Damals war der Erfolg noch ungewiss: SNB-Präsident Jean-Pierre Roth, Bundespräsident Pascal Couchepin und Bundesrätin Eveline Widmer-Schlumpf am 16. Oktober 2008. (Bild: Keystone)

Die SNB hat Zeit, wir sind da für die Ewigkeit.» Mit diesen Worten erklärte am 16. Oktober 2008 Jean-Pierre Roth, damals Präsident der Schweizerischen Nationalbank (SNB), warum seine Institution die Milliarden an illiquiden Wertpapieren der UBS zu tragen vermöge. Die Ewigkeit hat in diesem Fall nur fünf Jahre gedauert: Im Verlaufe der nächsten Wochen wird die Nationalbank voraussichtlich die letzten Tranchen ihres Kredits an den Stabilitätsfonds, in den die toxischen UBS-Wertpapiere ausgelagert worden waren, zurückerhalten. Das Darlehen der SNB, das sich einst auf über 30 Mrd. Fr. belief, ist dank den Erträgen aus den ehemals illiquiden Papieren Ende Juni auf 1,2 Mrd. Fr. geschrumpft.
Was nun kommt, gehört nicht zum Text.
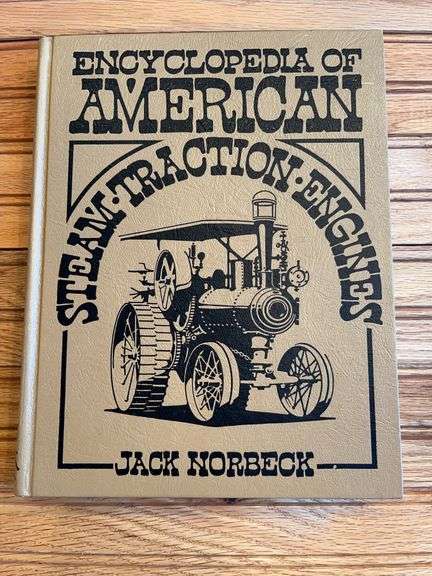 Encyclopedia Of American Steam Traction Engines Book image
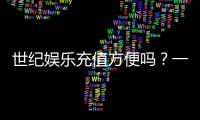 世纪娱乐充值方便吗？一文详解充值流程与到账速度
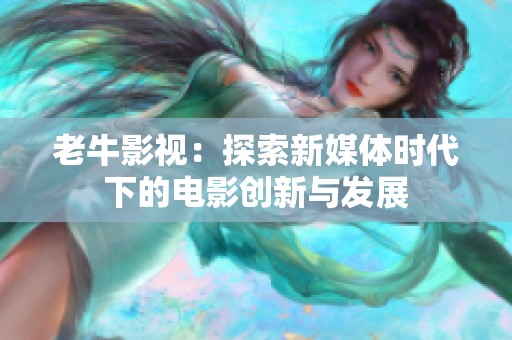 老牛影视：探索新媒体时代下的电影创新与发展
Nun lässt sich abschätzen, was die Operation insgesamt gebracht hat: Erstens wurde die UBS gerettet, die heute von der Börse mit 71 Mrd. Fr. bewertet wird und 60 000 Mitarbeiter beschäftigt. Zweitens konnte der Bund für sein Darlehen (Wandelanleihe von 6 Mrd. Fr., Zinssatz 12,5%) im August 2009 einen Erlös von 1,24 Mrd. Fr. verbuchen.

Drittens hat die Nationalbank seit 2008 Zinseinnahmen für das Darlehen an den Stabilitätsfonds von 1,6 Mrd. Fr. erzielt. Zudem ist das Eigenkapital im Fonds stetig gestiegen. Der Verteilschlüssel bei der Auflösung sieht vor, dass die erste Milliarde der Eigenmittel an die SNB geht und der Rest zu gleichen Teilen unter UBS und SNB aufgeteilt wird. Ende Juni dürfte das Eigenkapital des Fonds auf etwa 6,3 Mrd. Fr. angestiegen sein; an die SNB würden dann rund 3,6 Mrd. Fr. fliessen. Diese Eckwerte können sich bis zur Auflösung des Fonds noch leicht verändern.
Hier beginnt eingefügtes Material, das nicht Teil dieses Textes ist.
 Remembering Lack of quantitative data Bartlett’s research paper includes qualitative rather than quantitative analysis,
Insgesamt hat die grösste Rettungsaktion von Bund und Nationalbank für ein privatwirtschaftliches Unternehmen den Steuerzahler keinen Rappen gekostet, aber einen Gewinn in der Grössenordnung von 6,5 Mrd. Fr. in die Kasse des Staates und der Notenbank gespült. Dagegen in Rechnung zu stellen sind die gewaltigen Risiken, welche vor allem die Nationalbank tragen musste. Denn im Oktober 2008, nach dem Kollaps der US-Banken Bear Stearns und Lehman Brothers, war die Verunsicherung allgegenwärtig. Die UBS war viel zu schwach mit Eigenmitteln ausgestattet – und die globale Wirtschaft glitt in eine Rezession ab.
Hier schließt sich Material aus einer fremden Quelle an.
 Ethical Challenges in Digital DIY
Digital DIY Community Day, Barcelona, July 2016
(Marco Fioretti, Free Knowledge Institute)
Bereiteten die hohen Risiken Jean-Pierre Roth damals schlaflose Nächte? «Nein», sagt er heute im Gespräch, «denn wir hatten die Operation schon monatelang intern vorbereitet. Bereits im Frühjahr 2008 diskutierten wir die Frage: Was ist zu tun, wenn eine Schweizer Grossbank in Schieflage gerät? Über diesen Punkt führten wir im Frühjahr auch mit unseren Kollegen bei der US-Notenbank Fed und der Bank of England einen Meinungsaustausch.» Danach seien zwei Szenarien im Vordergrund gestanden. Erstens: Die SNB gewährt der notleidenden Bank einen Kredit und übernimmt die toxischen Papiere als Sicherheit. Zweitens: Die SNB kauft der angeschlagenen Bank die toxischen Papiere gegen Cash ab – und nimmt diese auf ihre Bilanz. Im September akzentuierten sich die Refinanzierungsschwierigkeiten der UBS. «Wir waren uns rasch einig, dass die radikalere Variante die Märkte am meisten beruhigen wird», erläutert Roth rückblickend. «Im Austausch mit der UBS-Spitze entstand darauf die Idee einer Zweckgesellschaft, welche die illiquiden Papiere halten sollte.»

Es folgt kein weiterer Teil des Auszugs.